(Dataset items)
++++++++++++++++++++

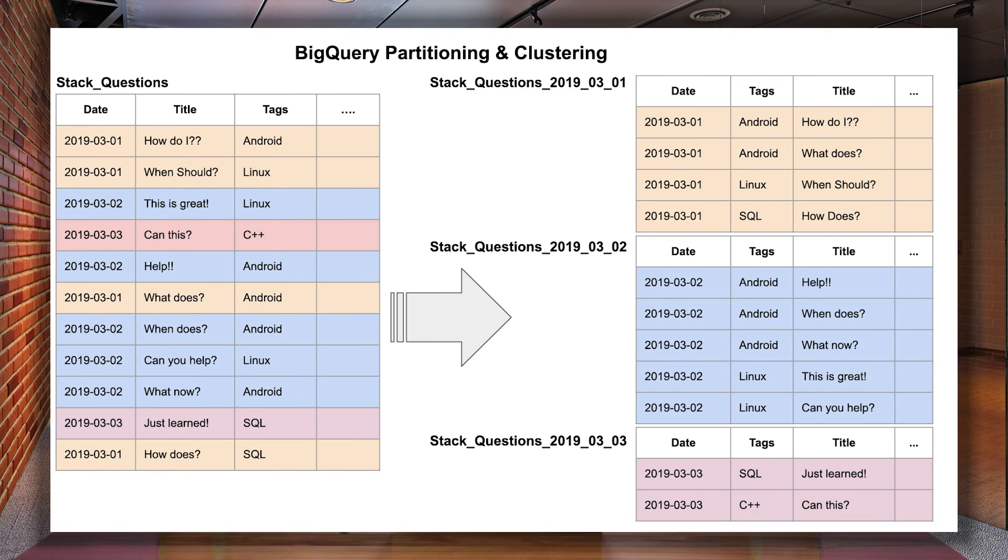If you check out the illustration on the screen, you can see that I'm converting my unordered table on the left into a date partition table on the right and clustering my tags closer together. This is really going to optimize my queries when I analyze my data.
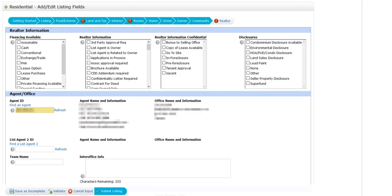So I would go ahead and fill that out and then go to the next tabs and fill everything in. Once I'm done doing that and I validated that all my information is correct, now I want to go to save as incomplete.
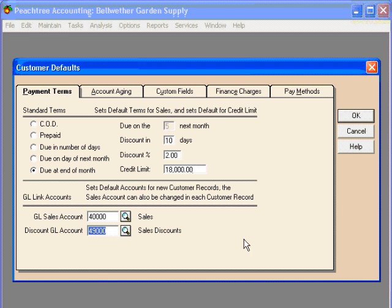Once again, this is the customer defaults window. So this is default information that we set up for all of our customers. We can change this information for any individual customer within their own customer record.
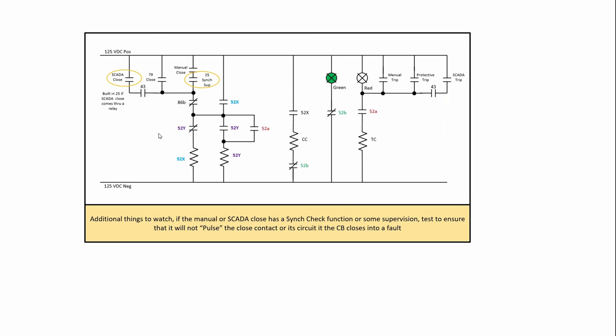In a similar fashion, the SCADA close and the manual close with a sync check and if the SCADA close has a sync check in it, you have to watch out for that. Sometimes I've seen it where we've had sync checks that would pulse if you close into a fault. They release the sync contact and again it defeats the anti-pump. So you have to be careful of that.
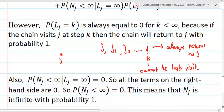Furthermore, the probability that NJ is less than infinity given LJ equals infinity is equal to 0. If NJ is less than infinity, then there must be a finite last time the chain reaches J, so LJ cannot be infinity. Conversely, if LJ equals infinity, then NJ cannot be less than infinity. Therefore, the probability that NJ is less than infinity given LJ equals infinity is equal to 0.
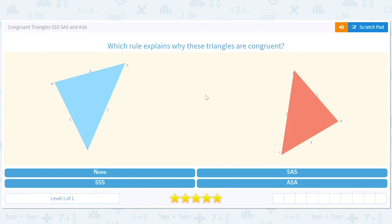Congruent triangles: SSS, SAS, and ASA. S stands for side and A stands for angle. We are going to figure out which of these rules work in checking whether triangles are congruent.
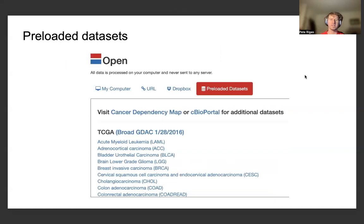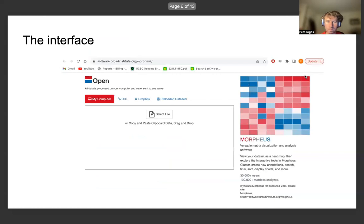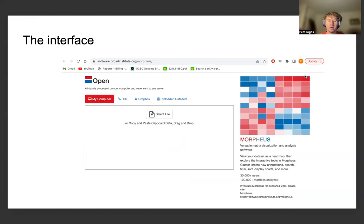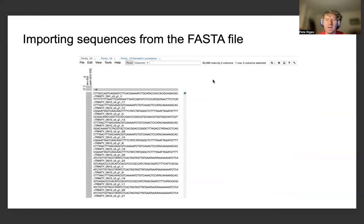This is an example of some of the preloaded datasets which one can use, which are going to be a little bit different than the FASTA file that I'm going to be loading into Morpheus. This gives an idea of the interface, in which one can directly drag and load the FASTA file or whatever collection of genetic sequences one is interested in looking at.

++++++++++++++++++++

Task description: Reproduce the records verbatim, omitting all images they contain.

Result below:
If you check out the illustration on the screen, you can see that I'm converting my unordered table on the left into a date partition table on the right and clustering my tags closer together. This is really going to optimize my queries when I analyze my data.
So I would go ahead and fill that out and then go to the next tabs and fill everything in. Once I'm done doing that and I validated that all my information is correct, now I want to go to save as incomplete.
Once again, this is the customer defaults window. So this is default information that we set up for all of our customers. We can change this information for any individual customer within their own customer record.
In a similar fashion, the SCADA close and the manual close with a sync check and if the SCADA close has a sync check in it, you have to watch out for that. Sometimes I've seen it where we've had sync checks that would pulse if you close into a fault. They release the sync contact and again it defeats the anti-pump. So you have to be careful of that.
Furthermore, the probability that NJ is less than infinity given LJ equals infinity is equal to 0. If NJ is less than infinity, then there must be a finite last time the chain reaches J, so LJ cannot be infinity. Conversely, if LJ equals infinity, then NJ cannot be less than infinity. Therefore, the probability that NJ is less than infinity given LJ equals infinity is equal to 0.
Congruent triangles: SSS, SAS, and ASA. S stands for side and A stands for angle. We are going to figure out which of these rules work in checking whether triangles are congruent.
This is an example of some of the preloaded datasets which one can use, which are going to be a little bit different than the FASTA file that I'm going to be loading into Morpheus. This gives an idea of the interface, in which one can directly drag and load the FASTA file or whatever collection of genetic sequences one is interested in looking at.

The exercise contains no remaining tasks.